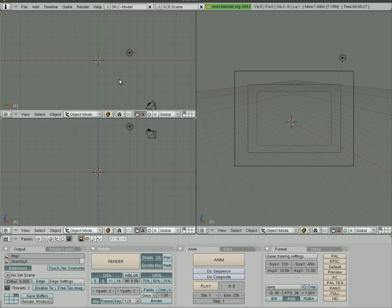Last tutorial I showed you a little bit about particles. This time I'm going to show you how to superimpose those particles that you create over some real video. So let's get started.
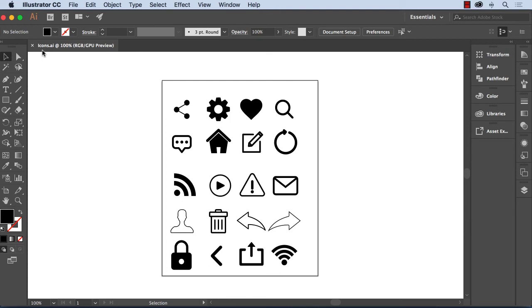Well hello there, Tom Green coming back at you with some XD goodness and today's goodness involves some of the improvements made to symbols in Adobe Experience Design.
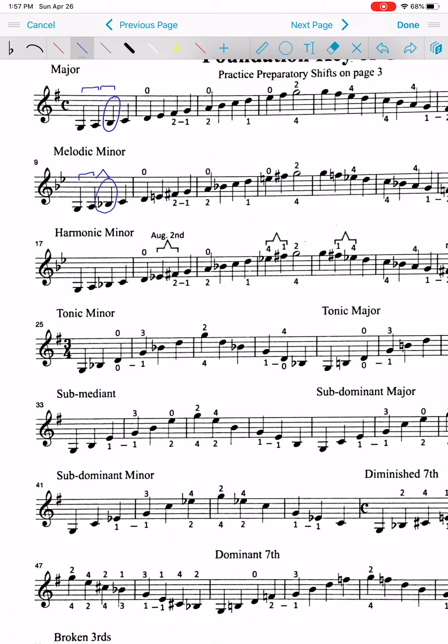Besides that first difference, you'll notice that there's two types of minors. There's a melodic minor, and there's a harmonic minor. So now, we're going to talk about the two differences between those two.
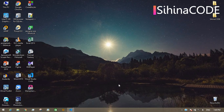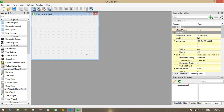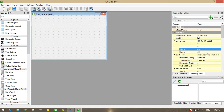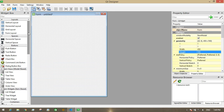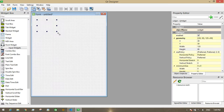Hi guys, welcome back to my YouTube channel. In this video I am going to create another login UI using PyQT5. Of course you can use the same design in C++. If you think my channel is useful, don't forget to subscribe. Okay, let's get into work.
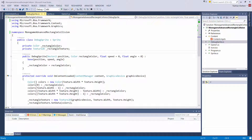Hey Nathan here, welcome back to another Monogame Advanced video. This is tutorial 1 for the Monogame Advanced series. In this video we are going to discuss rectangular collision detection. This is going to be the base of what we did in tutorial 0, which was introduce you to the series and create our basic framework going forward.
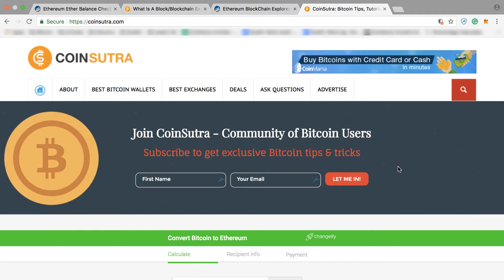Hey friends, this is Sudir, your host from coinsutra.com, and I'm back with another video on CoinSutra. Today we are going to discuss a very interesting topic, most asked by our community. It's pretty much straightforward and easy, but I think some of you must have been facing problems — that's why you're asking.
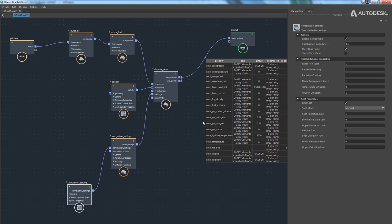You can also turn on Store Water Vapor — it's off by default, but we always compute the vapor as a product of combustion. Enabling this ensures the water vapor is tracked reliably throughout space. If you're not interested in visualizing vapor you can leave it off, but if you want to visualize it with the condensation model, you need to turn Store Water Vapor on.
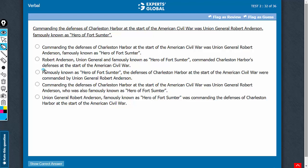In answer choice C, this is a modifying phrase. It's going to refer to the stuff that comes after the comma. So it sounds as if the defenses were famously known as Hero of Fort Sumter, which doesn't make sense. So answer choice C should be eliminated.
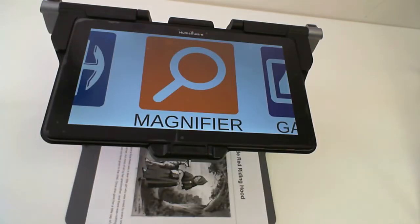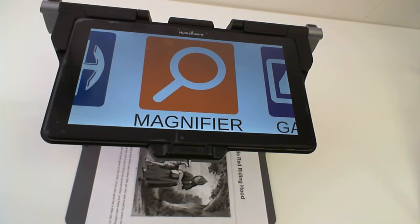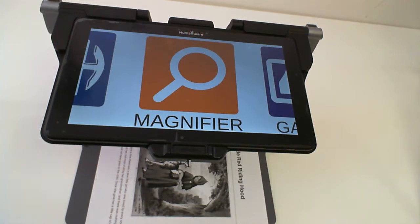Hello and welcome to this tutorial. My name is Eric Beauchamp. I am the Low Vision Product Manager here at HumanWare. In today's tutorial, we will look at the new simplified user interface available on your new MATT Connect.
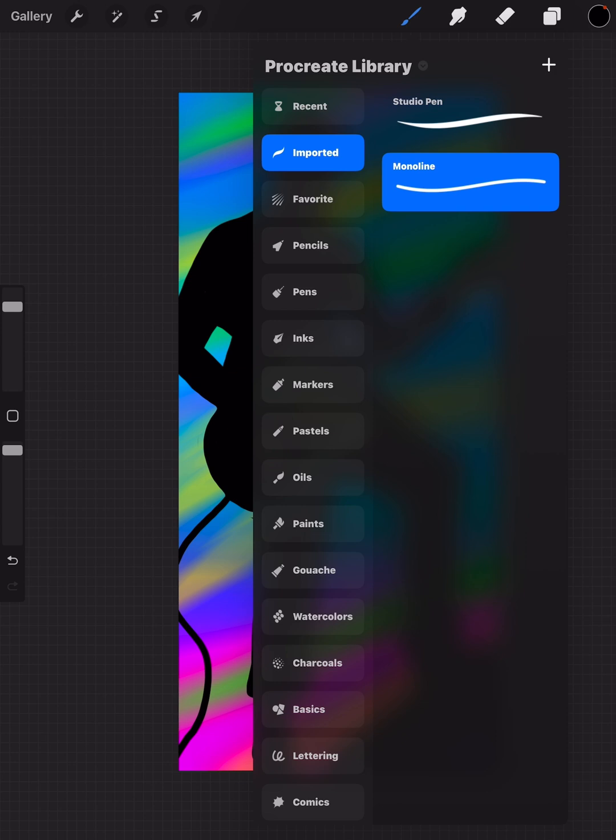This seems to be the best way to get some of your favorite brushes over from your old library into the new Procreate Library. Of course, if you downloaded some brushes, you can always re-import them if you still have those files, or you can move them over this way.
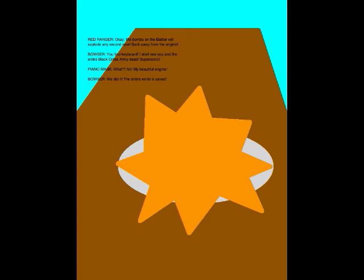Okay, the bombs in the battler will explode any second now. Back away from the engine! You foul keyboard! I shall see you and the entire Black Ross army dead! Supersonic! What? No! My beautiful engine! We did it! The entire world is saved!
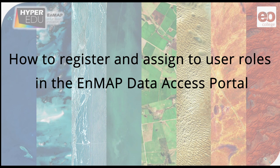In this video, I will show you how to register, create an EnMAP user account, and assign to different user roles in the EnMAP Data Access Portal.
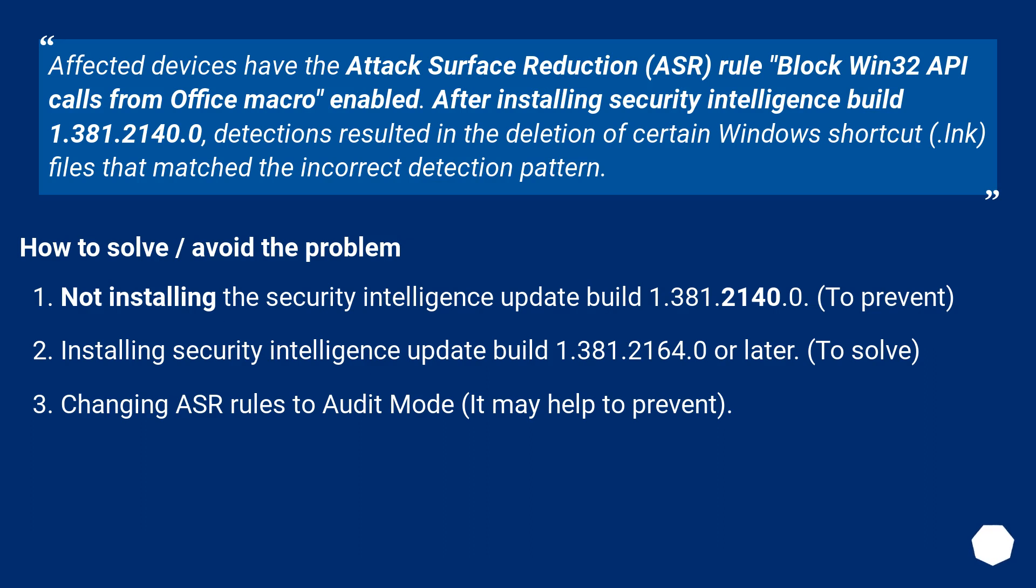Installing Security Intelligence Update Build 1.381.2164.0 or later. To solve.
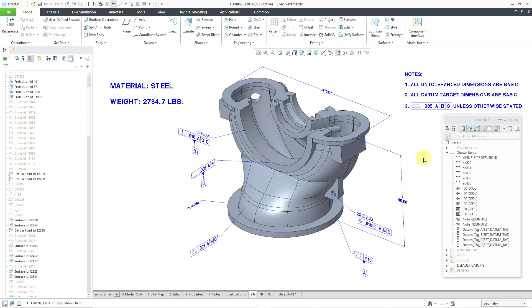So again the big things that you have since Creo Parametric 3 is that you have consistency in the model tree display regarding whether items are hidden or shown regardless of the method. And you have these hidden items layers and shown items layers that will give you indication of objects that are hidden or shown in a different state than what is indicated by other layers in your layer tree.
────
### Task goal
Nothing but the lines from the one containing "In answer choice" through the end of the entries should be written out, exactly and without pictures.

### Output for this task
In answer choice C, this is a modifying phrase. It's going to refer to the stuff that comes after the comma. So it sounds as if the defenses were famously known as Hero of Fort Sumter, which doesn't make sense. So answer choice C should be eliminated.
Hello and welcome to this tutorial. My name is Eric Beauchamp. I am the Low Vision Product Manager here at HumanWare. In today's tutorial, we will look at the new simplified user interface available on your new MATT Connect.
This seems to be the best way to get some of your favorite brushes over from your old library into the new Procreate Library. Of course, if you downloaded some brushes, you can always re-import them if you still have those files, or you can move them over this way.
Okay, the bombs in the battler will explode any second now. Back away from the engine! You foul keyboard! I shall see you and the entire Black Ross army dead! Supersonic! What? No! My beautiful engine! We did it! The entire world is saved!
In this video, I will show you how to register, create an EnMAP user account, and assign to different user roles in the EnMAP Data Access Portal.
Installing Security Intelligence Update Build 1.381.2164.0 or later. To solve.
So again the big things that you have since Creo Parametric 3 is that you have consistency in the model tree display regarding whether items are hidden or shown regardless of the method. And you have these hidden items layers and shown items layers that will give you indication of objects that are hidden or shown in a different state than what is indicated by other layers in your layer tree.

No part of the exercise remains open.